The facts: Robert Mueller served under Obama for just four to five years (2009-2013), and he was appointed as FBI director under George W. Bush. And while Trump maintains there was “no collusion” between his campaign and Russia, there were multiple reported contacts – including the June 2016 Trump Tower meeting, Donald Trump Jr.’s direct messages with WikiLeaks and Roger Stone seeking information on Hillary Clinton from WikiLeaks’ Julian Assange.

Trump heads to Tennessee to campaign for Marsha Blackburn

At 8:00 pm ET, Trump holds a rally in Nashville, Tenn., for GOP Senate candidate Marsha Blackburn. The AP: “Trump is traveling to Nashville, Tennessee, on Tuesday to raise campaign cash for Republican Rep. Marsha Blackburn, the party's leading Senate hopeful in Tennessee, and headline a rally with his most loyal supporters. Blackburn is expected to face Democratic former Gov. Phil Bredesen to replace Republican Sen. Bob Corker, who is retiring. The Tennessee campaign is among several races crucial to Trump's plans to maintain control of the Senate, where Republicans are defending a narrow two-seat majority.”
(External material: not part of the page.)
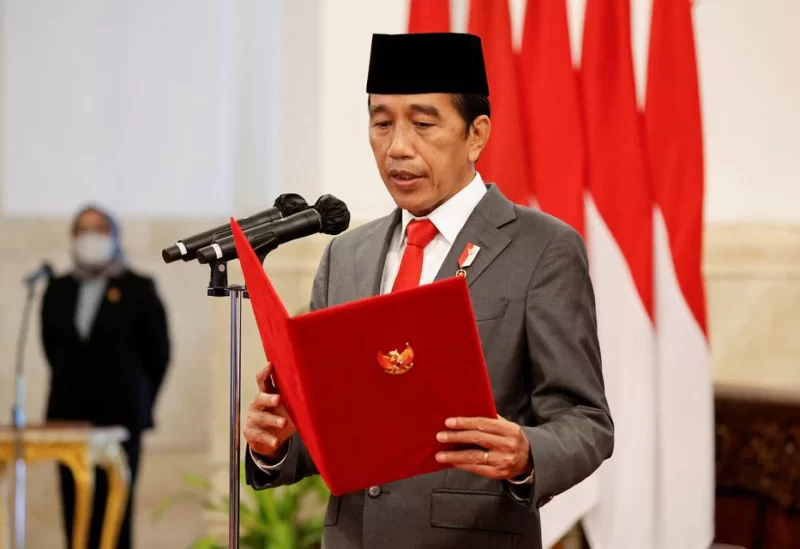 Indonesian President Joko Widodo reads out vows taken by newly appointed ministers and deputy ministers during an inauguration at a Presidential Palace in Jakarta, Indonesia, June 15, 2022. REUTERS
Republican Rep. Tom Garrett won’t seek re-election

“Rep. Thomas Garrett (R-Va.) announced Monday that he is struggling with alcoholism and will abandon his run for a second term in Congress so he can focus on recovery and his family,” the Washington Post writes. “Garrett, a member of the conservative Freedom Caucus, is the 48th Republican to retire or announce they will not seek reelection to the House this year, according to a list maintained by the House Press Gallery… Garrett, 46, was facing a robust challenge from his Democratic opponent, journalist and author Leslie Cockburn, who had raised more money and had more cash on hand than he had.”

The Cook Political Report is keeping Garrett’s VA-5 district as “Lean R.” Still, it’s notable that three states – California, Pennsylvania and Virginia — could provide Democrats with nearly half of the 23 seats they need to win the House. And three other states – New York, New Jersey and Texas – could provide close to the other half.

Romney: “I don’t think that I would point to the president as a role model for my grandkids”

In an exclusive interview, NBC’s Garrett Haake asked Utah Senate candidate Mitt Romney this question:

HAAKE: Do you think [Trump] is a role model?

And here was Romney’s answer:

ROMNEY: I-I don’t think that I would point to the president as a role model for my grandkids on the basis of his personal style. He has departed in some cases from the truth, and has attacked in a way that I think is not entirely appropriate. I think that his policies have been by and large a good deal better than I might have expected. But some of the things he has said are not ones that I would aspire for my grandkids to adopt.